When Dr. Mehrdad “Mark” Ehsani first heard about automakers investing in electric vehicle propulsion in the late 1980s, he was skeptical. “At first, I didn’t think it would be a viable alternative or support for conventional propulsion,” Ehsani said. “But the more I looked at it, the more it seemed promising, at least in certain areas.” He and his team have since conducted landmark research to make electric and hybrid vehicle propulsion viable, and his research has been cited more than 24,000 times.

Though Ehsani and his team have helped advance today’s electric and hybrid vehicles, his views on their implementation differ from most. For one, he is skeptical about their ability to single-handedly turn the tide on or significantly impact climate change. “If we could eliminate all carbon emissions from surface transportation in the U.S. tomorrow, its impact on global temperatures over 50 years would be roughly 1/40 of a degree Celsius,” he stated.

Instead, he sees more potential in electric vehicles making for better budget cars in the developed world and revitalizing vehicle infrastructure in the developing world. For example, he pointed to quality electric cars potentially replacing the noisy, inefficient rickshaws that populate India’s busy streets.
 

On Oct. 31, 2018, Chancellor John Sharp ’72, Dr. M. Katherine Banks (then dean of the College of Engineering) and the mayor of Bryan, Texas, boarded a trolley that took them in a simple loop around Bryan’s historic downtown. Dr. Srikanth Saripalli was behind the wheel, but the trolley drove itself—literally. It was one of two self-driving vehicles operating that day, making Bryan one of the first U.S. cities to have autonomous vehicles roving its public streets. “We worked closely with the city to ask the question: Are these vehicles ready to be deployed in dense pedestrian areas?” Saripalli said.

As director of Texas A&M’s Center for Autonomous Vehicles and Sensor Systems, Saripalli has worked at the forefront of driverless technology. His current research focuses on autonomous off-road vehicles for the military, which present unique obstacles since their sensors cannot rely on street markings for direction. “It’s a completely different domain,” Saripalli said. “The sensor may detect that the vehicle is on grass, but it can’t tell if there’s a puddle or anything beneath it that can bog it down.”

As for driverless cars on the road, he remains hopeful for further implementation and believes deep learning technology can help autonomous vehicles safely share the road with their human counterparts.
 

When car manufacturers first tested their high-end driverless vehicles in California, they prioritized safety and programmed the cars to follow state traffic laws to the T. They soon realized this was a mistake when the vehicles were involved in a series of low-speed collisions with human drivers. This inspired Dr. Dominique Lord, a traffic safety researcher, to investigate.

“We ran a study where students in a driving simulator followed a vehicle that mimicked the patterns of these driverless cars,” Lord said. Many of the student drivers nearly crashed into the virtual vehicles. “What happens is that automated vehicles are designed to follow the rules of the road almost too closely.” For example, a self-driving car stopping for three seconds at a stop-controlled intersection—as mandated by law—can throw off human drivers’ rhythm when they are used to other drivers doing a “rolling stop,” causing an inadvertent collision.

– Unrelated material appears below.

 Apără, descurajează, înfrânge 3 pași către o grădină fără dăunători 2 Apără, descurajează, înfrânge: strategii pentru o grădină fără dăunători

If autonomous vehicles eventually overcome obstacles like this, though, they have the power to make us rethink our traffic safety infrastructure. “Think about the rumble strips that shake your car and grab your attention when you’re veering off the road,” Lord explained. “This does nothing for a driverless car, as it uses cameras and sensors to maintain lane control. So, if we continue to invest in autonomous technology in the coming decades, we’ll have to rethink how we keep the roads safe for everyone.”